1. (75%) Practice rotational motion problems by completing WeBWorK set # 7.
2. (25%) In the software download area of the Physics 121 website, located at
you will find a movie that shows a single puck spiraling inward on a horizontal air table. The inward spiral is caused by a falling mass that is attached to the spiraling air puck by means of a string that passes through a small hole at the center of the air table. Use video analysis to determine if angular momentum is conserved.
Use the following steps in this analysis:
a. Download the movie clip from the Physics 121 website.
b. Start LoggerPro.
c. From the “Insert” menu, select “Movie” to open the movie you want to analyze.

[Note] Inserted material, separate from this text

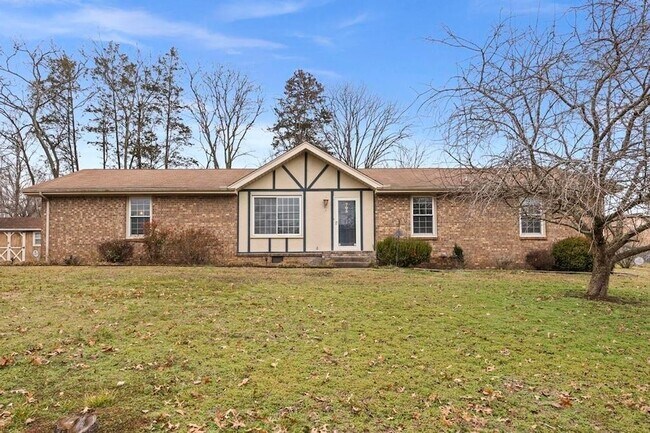 Building Photo - 703 Lucien Dr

d. At the bottom right-hand side of the video window you see a button with red dots with allows you to “Enable/Disable Video Analysis”. Enable video analysis a set of tools will appear on the right-hand side of the video window.
e. Select the ruler button to set the scale. Use the rulers on the left-hand side of the video to calibrate your screen. After selecting the ruler button you move your mouse to one end of the “ruler” in the video, click-and-hold your mouse button, move your mouse to the other end of the “ruler,” and release the mouse button. A window will emerge, asking you for the length the “green line” you just drew on the screen.
f. Using the “Set Origin” button (the third button from the top on the right-hand side of the movie window) to define the center of the table as the origin of the coordinate system.
g. Use the “Add Point button” (the second button from the top on the right-hand side of the movie window) to define the center of the puck in each frame, using your mouse. Each time you select a position in a frame, the video will advance to the next frame.
h. After completing your data entry you will see that the x and y positions and velocities for all frames in the data table. These data can be exported by selecting “Export as …. Text” from the file menu. The file created can be opened with Excel and you can use Excel to determine the angular momentum of the puck as function of time.
Do you expect angular momentum to be conserved? If yes, why? If not, why not?
Use the measured velocities and positions to determine the angular momentum of the puck with respect to center of the table and plot the angular momentum as function of time. Is angular momentum conserved?
The solution to this problem (the graph and your conclusions) needs to be dropped off in the Physics 121 homework locker in B&L, across from B&L 106. Please make sure your work is clearly labeled with your name.